• _Exercise instructions_: Repeat exactly the lines that begin at the one containing "CPA 01 - Trévoux - Hôtel De Ville - Trévoux" and end at the final line of the records; include no pictures and nothing else.
START Listed records
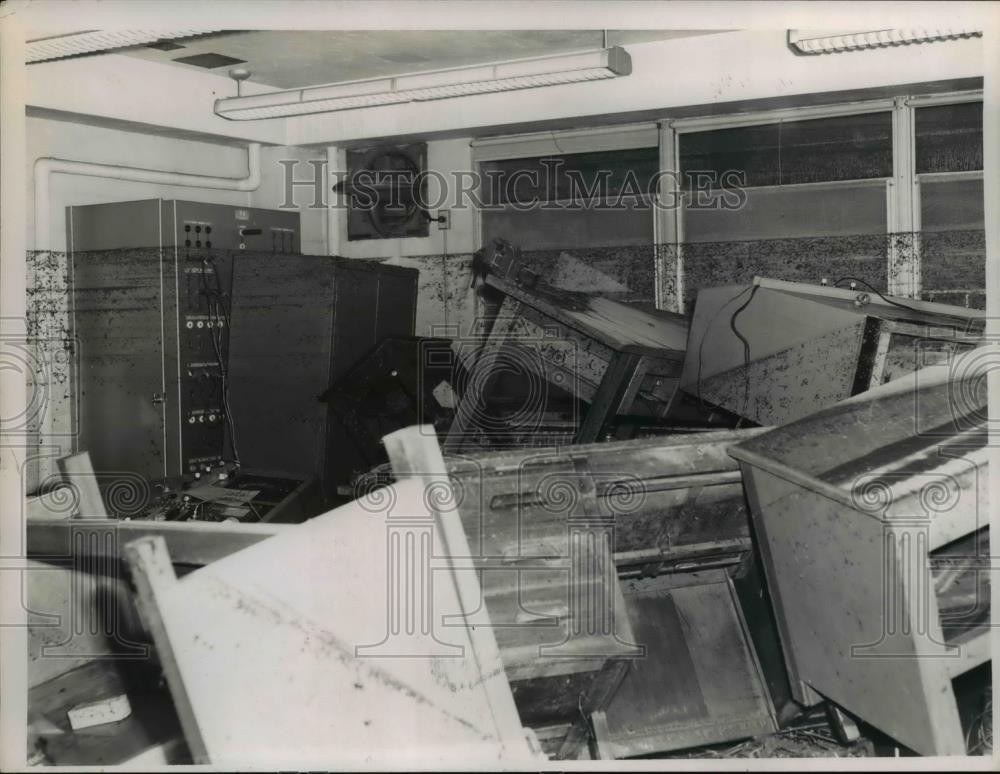 1959 Press Photo Instrument Room Basement of Case Tech Engineering Building 1959 Press Photo Instrument Room Basement of Case Tech Engineering Building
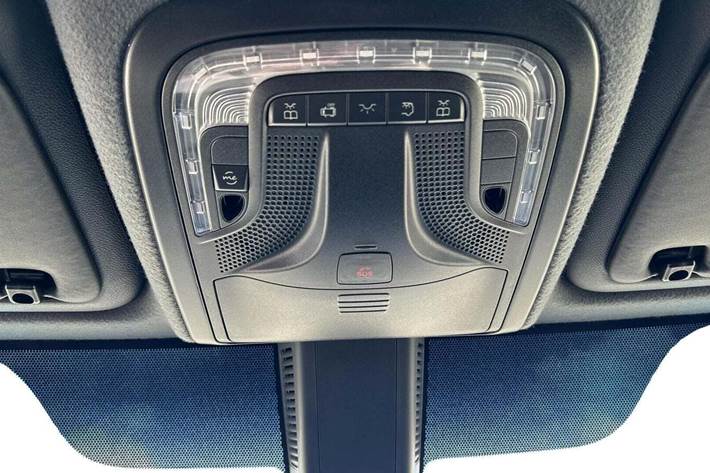 Hvid Mercedes Sprinter 317 fra 2024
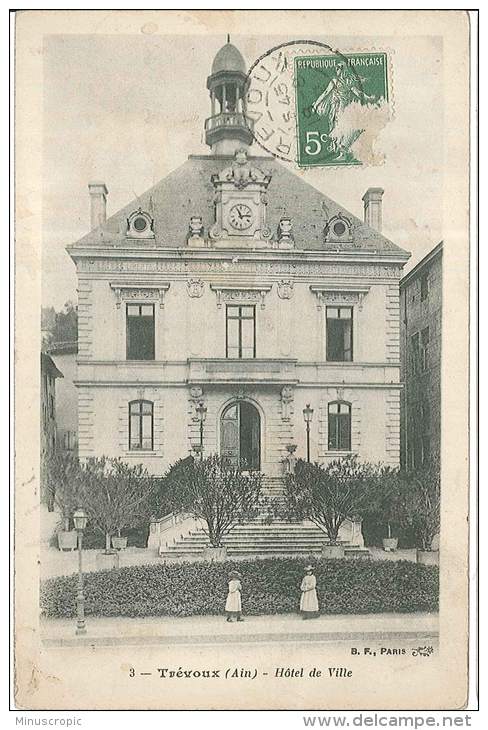 CPA 01 - Trévoux - Hôtel De Ville - Trévoux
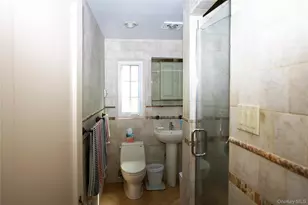 9 Ramsey Rd, Great Neck, NY 11023 - Photo 12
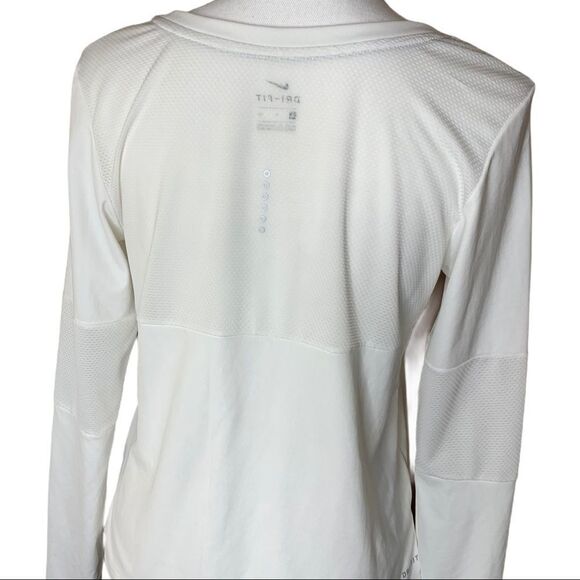 Nike Dri-fit city white core top - small - Picture 6 of 11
END Listed records
• _Answer box_:
 CPA 01 - Trévoux - Hôtel De Ville - Trévoux
 9 Ramsey Rd, Great Neck, NY 11023 - Photo 12
 Nike Dri-fit city white core top - small - Picture 6 of 11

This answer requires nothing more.